*** The input

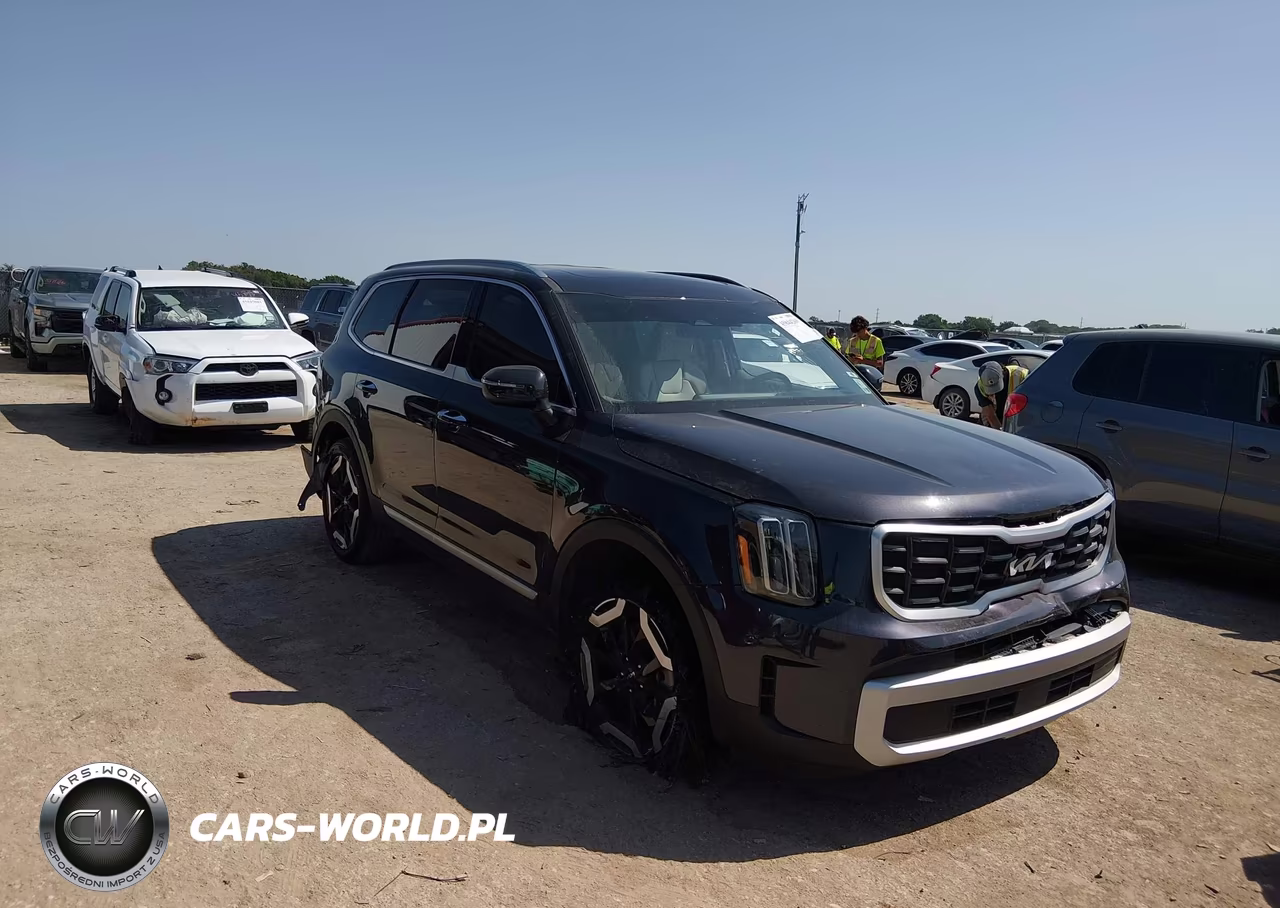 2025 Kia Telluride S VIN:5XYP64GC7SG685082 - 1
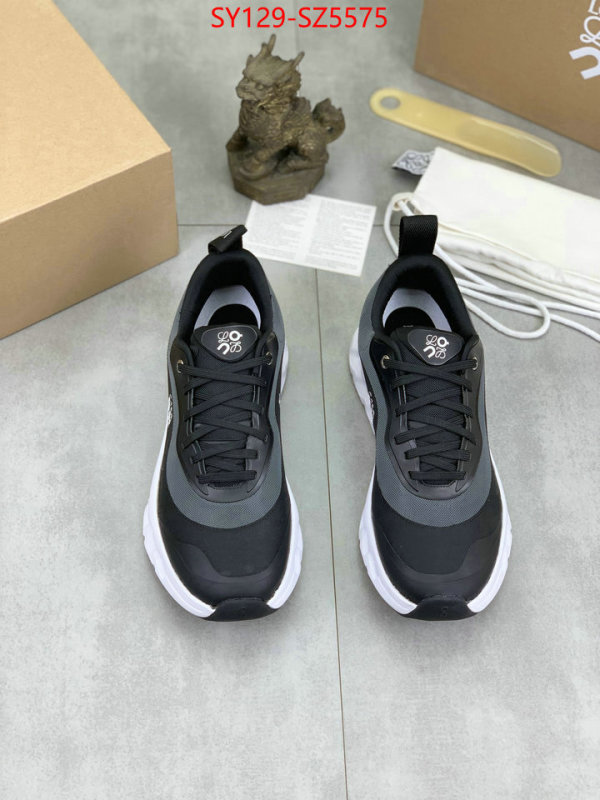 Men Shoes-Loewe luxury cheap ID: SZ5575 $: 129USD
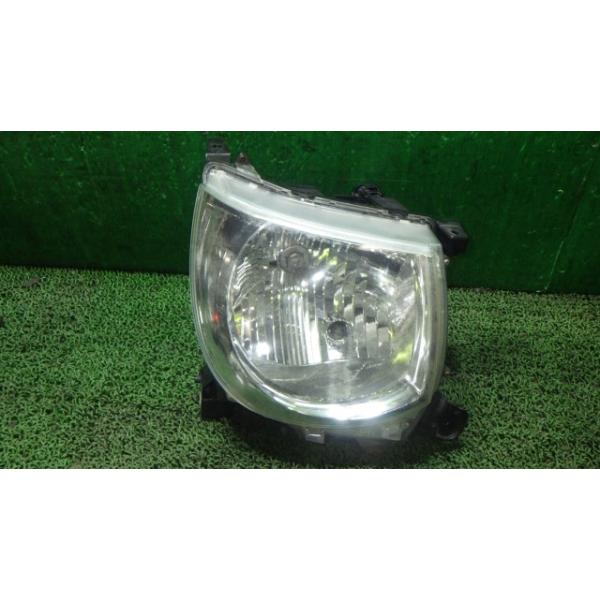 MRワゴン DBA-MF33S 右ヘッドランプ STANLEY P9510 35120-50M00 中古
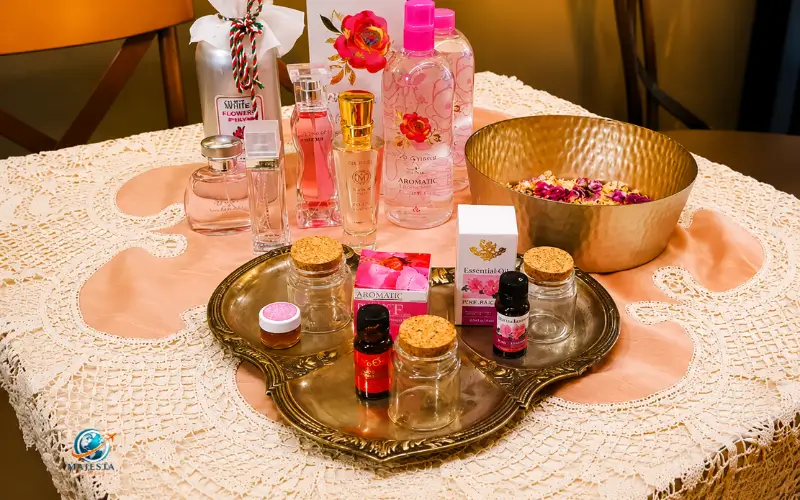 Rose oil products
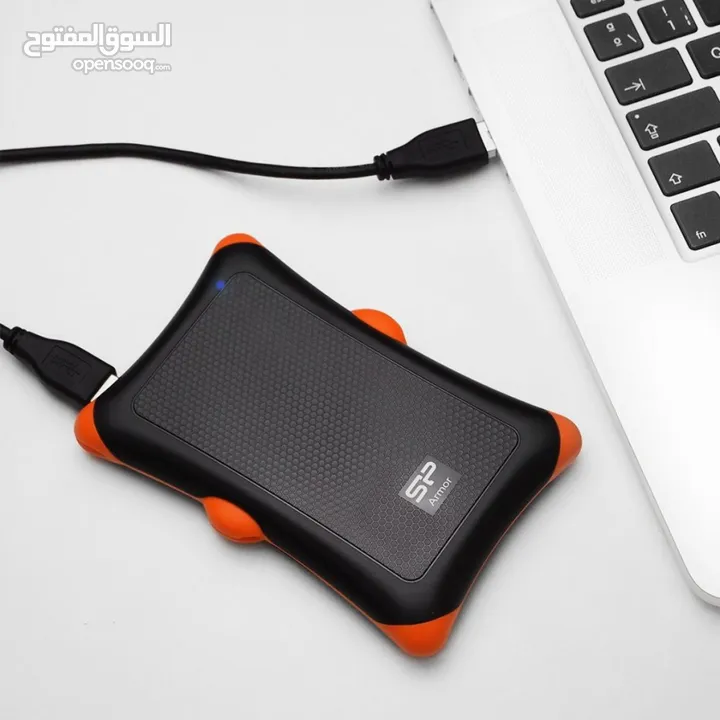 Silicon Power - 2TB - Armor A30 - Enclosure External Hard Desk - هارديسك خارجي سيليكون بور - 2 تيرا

******
*** The input

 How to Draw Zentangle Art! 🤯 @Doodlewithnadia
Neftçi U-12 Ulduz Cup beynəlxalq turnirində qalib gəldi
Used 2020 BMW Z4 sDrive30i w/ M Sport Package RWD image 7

******

What you need to do:
Only the lines above from the line containing "How to Draw" through the line containing "Used 2020 BMW" should be retyped, exactly and with both ends included.

Finished exercise:
 How to Draw Zentangle Art! 🤯 @Doodlewithnadia
Neftçi U-12 Ulduz Cup beynəlxalq turnirində qalib gəldi
Used 2020 BMW Z4 sDrive30i w/ M Sport Package RWD image 7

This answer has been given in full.